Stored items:

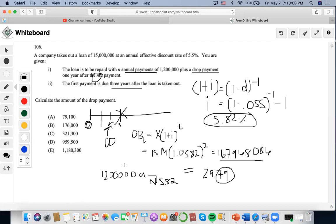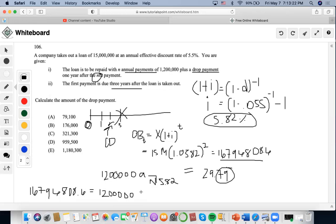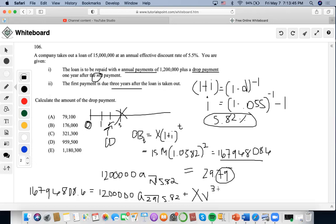Now we can set up the formal present value equation at our comparison date of time two: 16,796,808.60 equals the present value of 29 payments of 1.2 million at 5.82%, plus the drop payment X discounted back appropriately — specifically X times v to the 30th power.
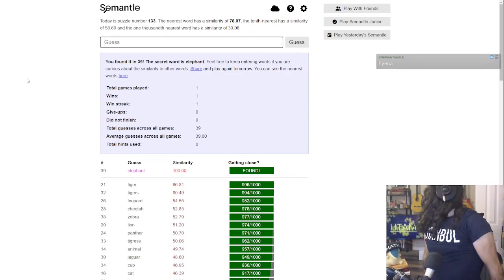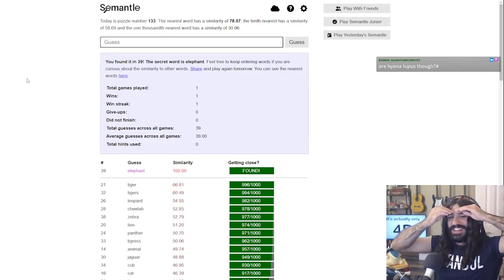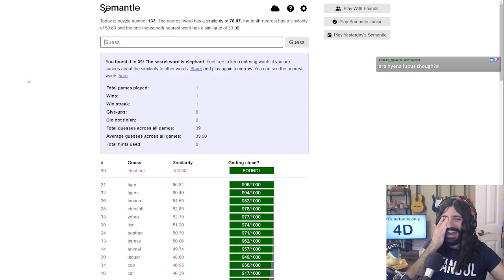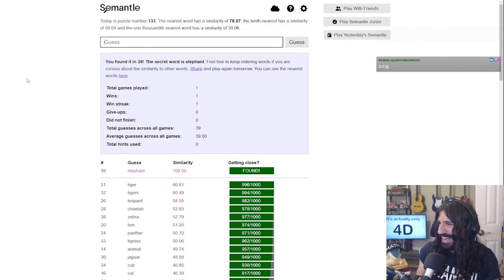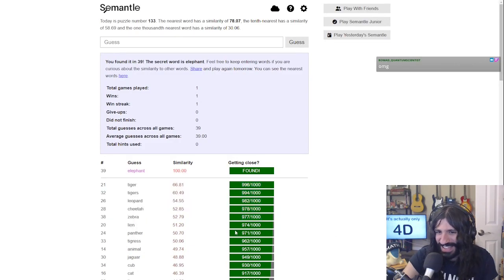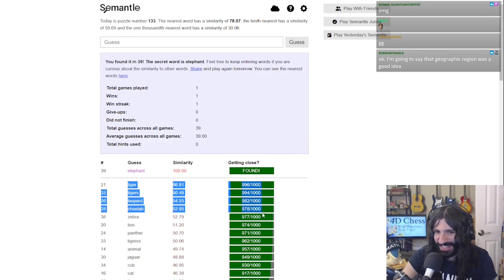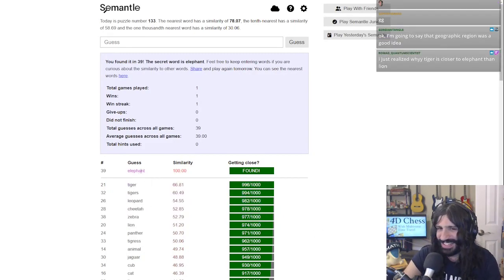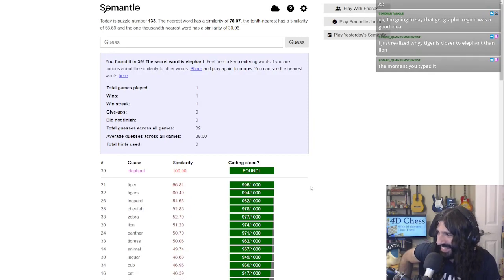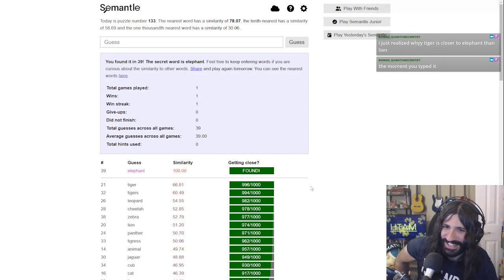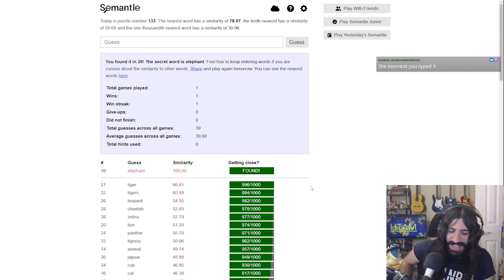We got there! Oh, it's such a rush to get the right word — that was such a wild guess! If I hadn't tried zebra and then elephant for some reason... I don't know exactly how I got there. I don't know why tiger, leopard, and cheetah are like the closest words to elephant. Holy shit! Oh my god, wow! There we go — in 39 guesses!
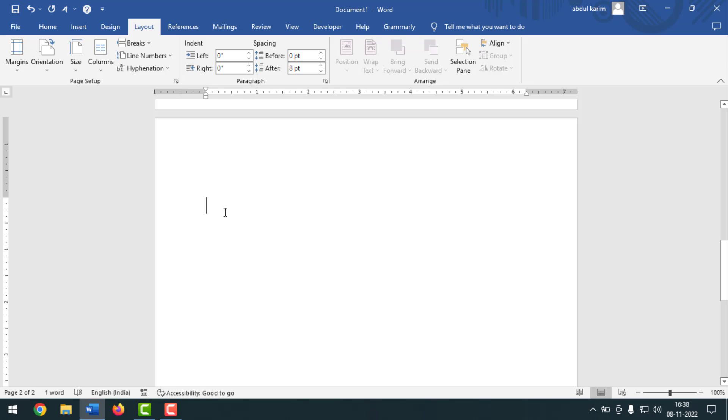To do page setup for e-stamp bond paper in MS Word document, if you face any problem feel free to ask me in the comment box. I'll try to give an answer as soon as possible.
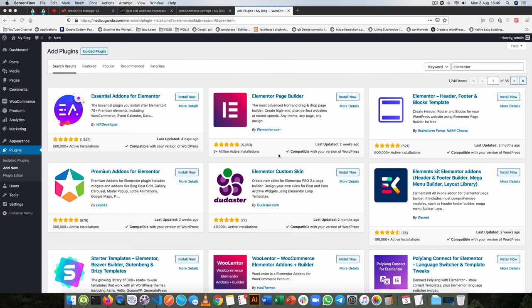Before we dive into that, I'm going to do some simple explanations of how Elementor works so that if you don't know how it works you can scale up, and if you find something new, that will be a bonus.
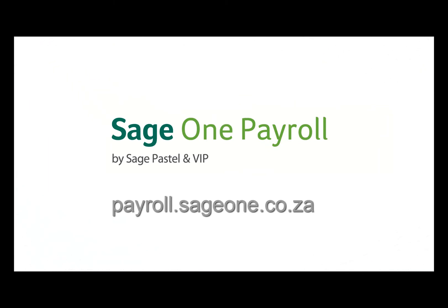And it's as easy as that. You have successfully created a new employee on Sage One Payroll.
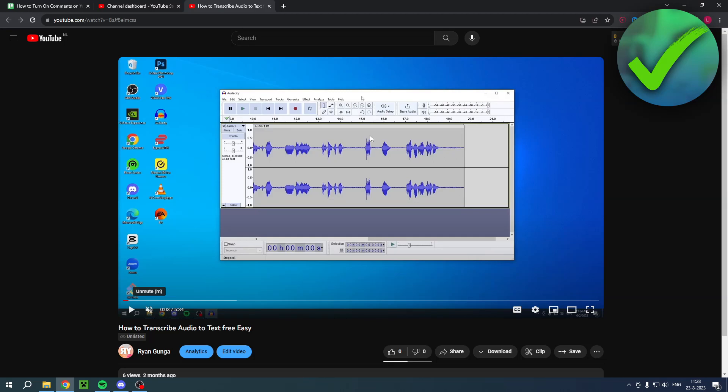How to turn on comments on YouTube — that's what I'm going to show you in this quick and easy tutorial. This is a guide for both PC/laptop and your mobile phone, so I'll show you both. Let's get started right away.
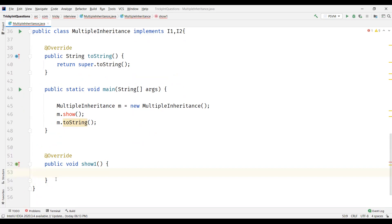So the bottom line is: in Java, multiple inheritance is not supported when using classes, but it is supported using interfaces. That's all for this video. Thanks for watching.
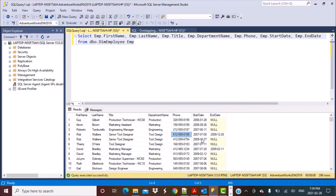To identify any such records for which the start date or the end date might not be correctly populated, and which might be resulting in overlapping records, we need to write a query. To understand the logic behind writing this query, let's take once more a look at this data.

**TASK DETAILS**
Copy out the lines above from the line containing "Before we dive" through the line containing "So the bottom", exactly, and keep the pictures out.

**ANSWER BELOW**
Before we dive into that, I'm going to do some simple explanations of how Elementor works so that if you don't know how it works you can scale up, and if you find something new, that will be a bonus.
And it's as easy as that. You have successfully created a new employee on Sage One Payroll.
How to turn on comments on YouTube — that's what I'm going to show you in this quick and easy tutorial. This is a guide for both PC/laptop and your mobile phone, so I'll show you both. Let's get started right away.
So the bottom line is: in Java, multiple inheritance is not supported when using classes, but it is supported using interfaces. That's all for this video. Thanks for watching.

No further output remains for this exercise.